Charging a capacitor without closing a circuit

Question

It might sound absurd but is it possible to charge a capacitor solely by connecting the positive terminal of a battery to one plate of the capacitor and the negative terminal of another identical battery with the other plate of the same capacitor?

I understand (partially) the following things:

1. Earthing may be required.
2. If earthing is not done then the circuit might have to be closed with a wire to allow current to flow.

I don't understand that (treat these as my questions):

1. Why is earthing required? If earthing is not done is a potential difference not present between the positive terminal of first battery and negative terminal of the second battery?

2. If the answer to 1 is true and a potential difference exists without the need of earthing (or closing the circuit) then the capacitor will acquire a charge because there exists a potential difference between the plates of the capacitor. For this purpose Where does the current come from in the open circuit and where does it go?

Answer 1

In order for a battery to charge a capacitor its positive terminal needs to pull electrons from one plate making it positively charged while the negative terminal has to push an equal number of electrons onto the other plate making it negatively charged. That takes work (energy) which comes from the chemicals between the battery terminals. If only one terminal of a battery is connected, the battery can’t supply the necessary energy to move electrons from one plate to the other.

Bottom line: a complete circuit involving both terminals of a battery is needed to charge the capacitor. The use of the two batteries, with no connection between them by earth or other means to form complete circuit, cannot supply the necessary energy.

Hope this helps.

Answer 2

You can't charge a capacitor to any meaningful extent this way. The reason is those unconnected nodes at the end.
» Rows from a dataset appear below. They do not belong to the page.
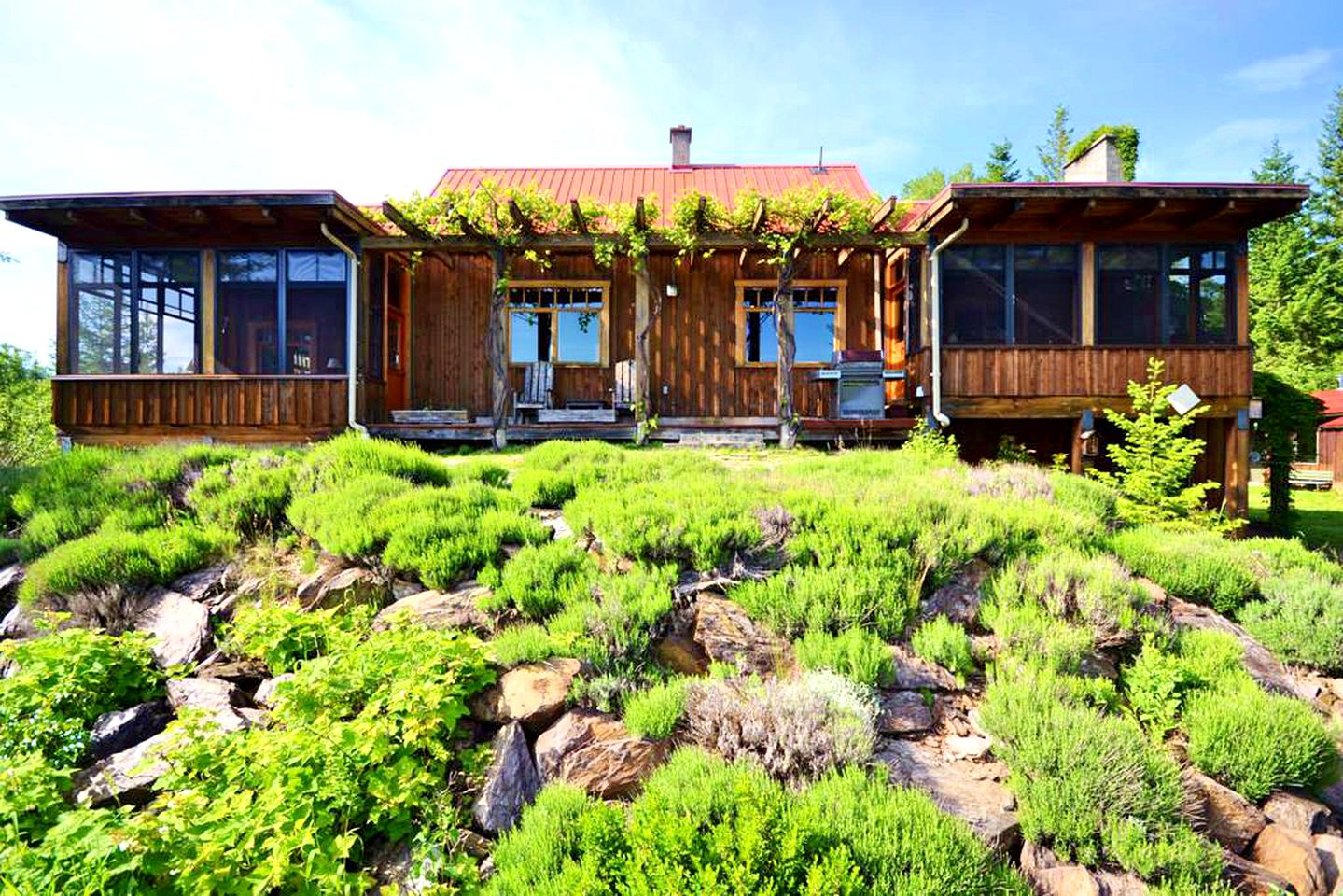 Spacious Cabin with a Sauna near the Larch Hills Nordic Trail, British Columbia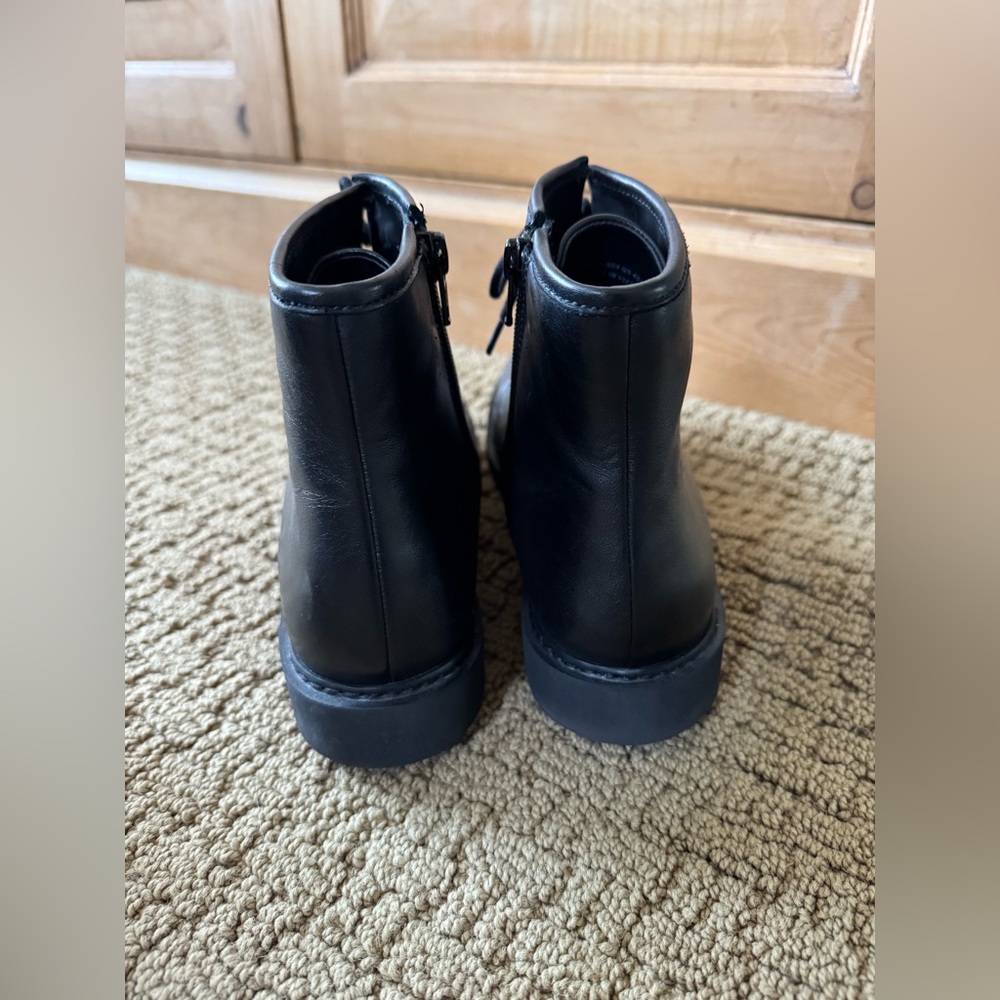 Camper boots. Leather. Size 9. Lace up ankle bootie style. Barely worn, clean. - Picture 9 of 11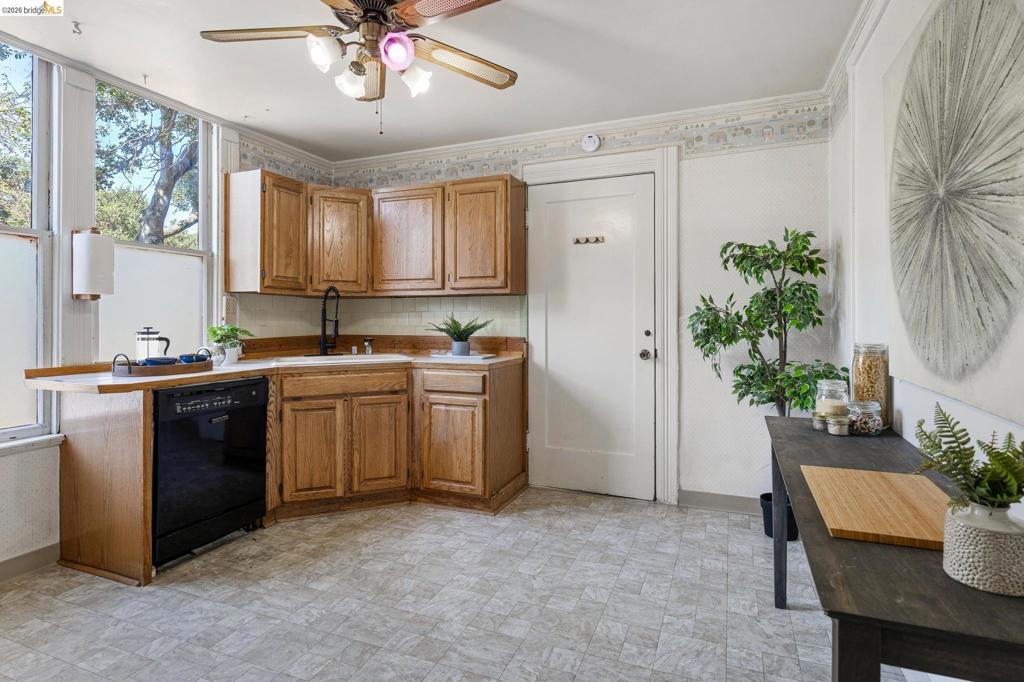 1915 Berryman St, Berkeley, CA 94709
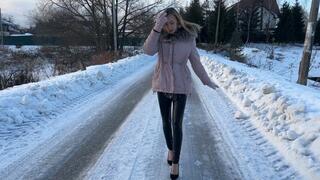 girl walked in high heels on a slippery road and fell, severely injuring her foot on slippery mountain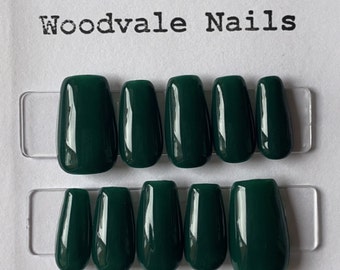 Emerald Green Press On Nails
Assume everything in the circuit starts out neutral. To put a charge on the capacitor, each battery would have to put an equal and opposite charge on the end nodes. That is the only way to conserve charge.

So how much charge can the battery shove onto the unconnected nodes? This is also a question about capacitance: how much charge $Q$ can a voltage $V$ put on the unconnected node? The answer is $CV$ where $C$ is the capacitance of the unconnected node and the wire leading, towards it. Essentially the wire and node act as one plate of an ad-hoc capacitor, wile other conductive objects (the ground, and/or the other terminal) act as the second plate. [1]

Remember that to make a capacitor with a high capacitance, the plates need to be close together and have a large area. Wires tend to have a small area, and let's assume the battery terminal is not especially close to any of these other conductive objects. So the ad-hoc capacitor scores badly on both counts. It is going to have a very small capacitance. The charges on the "real" capacitor and the ad-hoc capacitor are always equal, so will be limited by the charge on you can get onto the ad-hoc capacitor. That will prevent the real capacitor from fully charging... at least, assuming the "real" capacitor has a greater capacitance than the ad-hoc one. For example, if the real capacitor is 1000 times bigger than the ad-hoc capacitor, it will only get charged to 0.1% of full.

In many circuits, especially ones where the conductors are close together, like integrated circuits or multilayer PCBs, it is necessary to take this kind of capacitance into account. But if you are building the circuit out of human-scale wires and alligator clips, it isn't going to be significant, and the capacitor can be assumed not to charge until you actually connect those two end nodes.

[1] An object also has an intrinsic capacitance even if nothing is anywhere nearby. In practice, there's probably something nearby.